Have you heard about the racist tweets that came from Hunger Games fans who were upset that black actors portrayed Rue and Thresh in the film?
It’s depressing and also reminds me of the Florida teens who recently posted ranty racist videos on YouTube.
There’s an underlying theme: I can’t imagine these people (kids) had any concept of the potential consequences of what they did. It may take a bit of thought to make and post a YouTube video, but it’s easy to toss off a tweet and it’s only going to get easier to share our thoughts as technology moves forward.
But the more I think about it, the more it strengthens my belief that parents have a responsibility to teach their kids well, not to be racist, duh, but also about how to navigate in a world where it’s so easy to broadcast the minutiae of our lives. But how do we best go about it?
It was a topic at a panel discussion I attended on the social family at Toronto Social Media Week. One of the participants was Royan Lee, a teacher in Ontario’s York Region District School Board. He’s a dad of three and a leading light in the movement to use digital technology (including cellphones) in the classroom.

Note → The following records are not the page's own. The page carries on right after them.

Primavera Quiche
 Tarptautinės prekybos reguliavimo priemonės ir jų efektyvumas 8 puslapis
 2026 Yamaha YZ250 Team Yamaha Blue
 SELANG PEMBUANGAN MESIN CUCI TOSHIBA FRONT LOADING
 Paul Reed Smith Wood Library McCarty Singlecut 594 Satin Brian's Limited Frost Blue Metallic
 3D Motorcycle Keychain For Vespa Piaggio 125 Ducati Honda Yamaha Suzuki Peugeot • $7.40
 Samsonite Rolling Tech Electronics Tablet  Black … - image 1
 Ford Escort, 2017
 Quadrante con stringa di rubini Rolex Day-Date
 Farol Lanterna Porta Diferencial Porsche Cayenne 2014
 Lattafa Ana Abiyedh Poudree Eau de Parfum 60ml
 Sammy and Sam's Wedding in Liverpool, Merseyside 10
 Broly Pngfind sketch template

One tactic Royan has employed at home is to open the digital world in an age-appropriate way. For instance, he and his wife encourage their nine-year-old daughter to blog so she can learn through guided trial and error — her blog is just shared with friends and family, and they have discussions about her posts — about what is appropriate to publish. But the key is she’s allowed to make mistakes in a safe way.
Since our digital footprints follow us seemingly forever, and will increasingly incorporate into our lives, it makes sense to me to at least let our kids dip their toes into these techy waters a bit, if not a lot.
I have the luxury of some time — my son is just 2.5 years old. But my husband and I need to figure out our plan of action.
How do you teach your kids about managing in this brave new world? Would you let your child have a blog?
Speaking of blogs, I love this family’s art blog. So cute!